どーもどーも夜寝付けない時はひたすら鼻毛を抜きますラーチャえだまめです。今日はコチラの作品を拝見させて頂きました自宅謹慎中(何したんだよ)の方には思わず自宅で映画館気分に浸れるかもしれない??ゴイスーな“アクション映画”がまたまた爆誕してしまいました、その名も【タイラー・レイク -命の奪還-】。

みんな大好きネットフリックスオリジナル作品でございます。いやーこのご時世に重宝するのがやはりネット配信、という事でGWは自宅でもっぱら映画鑑賞……な方も多いのではないでしょうか、しかも今宵ご紹介するこの……テイラーと言ったらスイフトさんしかちょっとわからないんですけど、、、あ、タイラーさんでしたか大変失礼致しました「タイラー・レイク」という名の“凄腕の雇われ傭兵”が“たった一人”でインドの麻薬王の息子を“救出”して迫りくる敵をバッタバッタとなぎ倒していく……なんだよインドにもコンチネンタルホテルあんのかよと疑いたくもなるタイトルからも「ジョン・ウィック」の親戚なんじゃないかと配信後早くも話題になっているんだとかいないんだとか、とにかくスゴいアクションシーンの数々が拝めるらしいのです。そしてタイラー・レイクを演じますのが去年の東京コミコンにも出陣してくれました、ツーショット撮影会のチケットが即日ソールドアウトでファンだったその日一緒に行く予定だった友達を一人失いました

あの海の神様はもう既にいるんすよー
今ハリウッドで最も“神”に近い男、我らがクリス・ヘムズワースという時点で「あ、これは勝ったな」と早くも勝利宣言してしまうかもしれません「エンドゲーム」で見せたあのアズガルド中の民を恐怖と混乱の腹に陥れた“衝撃的なお姿”から一転、ビシッと黒スーツに身にまといエイリアンを駆逐する“イケてるチャラ男”として見事な逆リバウンド劇を見せた我らがオレ様神様、今作ではそんないつの間にかのコメディ路線から真逆の終始シリアスな役どころを演じております。

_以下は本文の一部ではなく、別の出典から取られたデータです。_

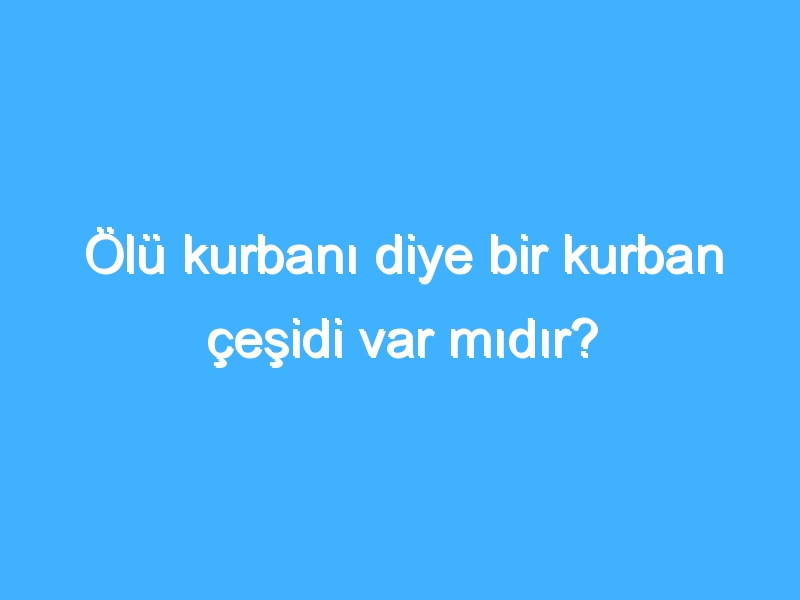 Ölü kurbanı diye bir kurban çeşidi var mıdır?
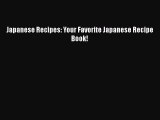 PDF Download Japanese Recipes: Your Favorite Japanese Recipe Book! Download Online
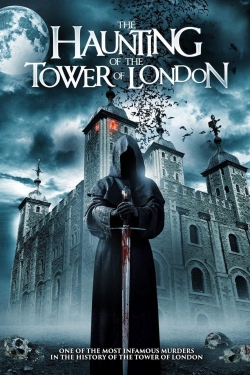 The Haunting of the Tower of London (2022) Official Image | AndyDay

そして“クリヘム”ファンをさらに歓喜させるかもしれない制作は「アベンジャーズ」シリーズの総監督アンソニー&ジョー・ルッソ、というこれまた今旬なスタッフ。配信後やたらレビュアーが多いと思ったらハイハイそーゆー訳ですか「エンドゲーム」後のスタッフそしてキャストが再び別の作品でアッセンブルっちゃった映画「タイラー・レイク」。そりゃあ皆さん期待したいですよね、それでは早速観ていきましょう
今作一番の「こだわりポイント」となるのはそう、まごうことなく“アクション”でございます。しかもただのアクションではありません

“疑似”ワンカット
映像の編集点をCGでうまく消してまるで“1本の長回しを観ているかのような”映像にする手法。シーンから別のシーンまでカットなくシームレスで進み我々視聴者サイドの体感時間と“シンクロ”することで視聴者もまるで同じ空間にいるかのような、身震いしてしまうような“映像体験”が出来てしまう優れもの。しかもクリヘムが人質となった麻薬王の子どもを背中で守りながら敵地を駆け抜けていく、その鍛え上げられた背中を我々はずっとカメラと一緒に追う、ということはさながら一緒に逃げているかのような、いや彼に“守られている”かのような錯覚に襲われてしまうという?これはファンには流血どころの騒ぎではございません単純に「死ねます」。
監督は「シビルウォー」でアクションスタントコーディネーターを務めたサム・ハーグレイブというバリバリアクション出身のお方(ちなみに本作ではなんとなく容疑者ホアキンフェニックスっぽい風貌のスナイパー役でも出演)今回その縁で監督に抜擢されたのか「シビルウォー」でクロスボーンズを片パン一発で吹き飛ばしたキャプテンアメリカ並のキレのある肉弾アクション、さらに同じくスタントマン出身のデヴィッド・リーチ監督の「アトミック・ブロンド」に敵の一味として出演した経緯からか?アクション仲間という意味でも共通点が多そうな「ジョン・ウィック節」のガンアクションのリミックスでお贈りしてしまう、アクションシーンはまさに文句なしの一級品となっております。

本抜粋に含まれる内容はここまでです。